Given the all-pervasive propaganda against Islam and the Arabic world in Western media (a French author has amply documented this for the French television for a period of thirty years – see the picture below), it is all too easy to submit to the quasi Pavlovian responses some are trying to elicit from us. The real issue then, dear reader, should therefore be more as follows: ‘to submit or not to submit to this Machiavellian and particularly evil propaganda that is being manufactured for us by our media, that is the question’.
[Le Monde of 7 January, Libération 8 January 2015]
Of course, it would be too easy to want to contrast Houellebecq with Charb (one of the cartoonists killed at Charlie Hebdo on Wednesday), who said in an interview two years ago that he would rather ‘stand up and die than live on his knees’ (source: Le Monde of 7 January). My point here is that people who like me had taken freedom of speech as something for granted in our societies will now have to reconsider their assumption.

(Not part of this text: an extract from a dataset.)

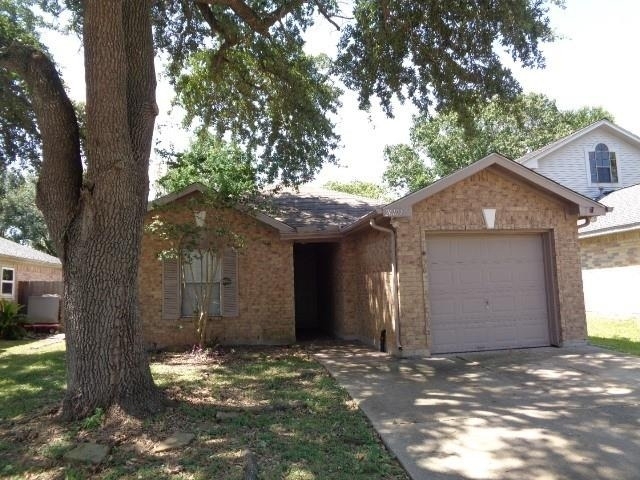 20107 Beechview Ln - Photo 0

Although I would point out that, in France, freedom of speech was probably killed some years ago, in 1993-94, when rehearsals for the staging of Voltaire’s play Le fanatisme, ou Mahomet le Prophète, at Ferney-Voltaire, near Geneva were cancelled, so that the play (which had been scheduled for the tricentenary of the playwright’s birth) was scrapped (source: Michel Renard ‘Tariq Ramadan et Voltaire : pièces pour un dossier’). The irony of course was that Voltaire was instrumental to the setting up of freedom of speech in France and elsewhere in Europe:
I am deeply shocked that several people were killed in cold blood because of cartoons published in a magazine three years ago:
[Charlie Hebdo, 2 Nov 2011]
I was deeply shocked when I heard that somebody I vaguely knew was killed in a terrorist attack in Luxor in 1997; I still feel sad whenever I see a picture of the coffins of the Swiss citizens who were killed there in that attack.
I was so shocked at how white a colleague (when I worked in Zurich) was when I saw her in our office the Monday after the Mumbai terrorist attacks (she had been attending a conference in the very hotel where it all happened) that I was unable to muster the courage to go to her desk and extend some words of sympathy to her — I still regret my ‘cowardice’.
I am still shocked at the number of car/lorry crashes (and even shootings) that killed people just before Christmas here in Europe and, of course, at some of the terrible mass killings which took place elsewhere.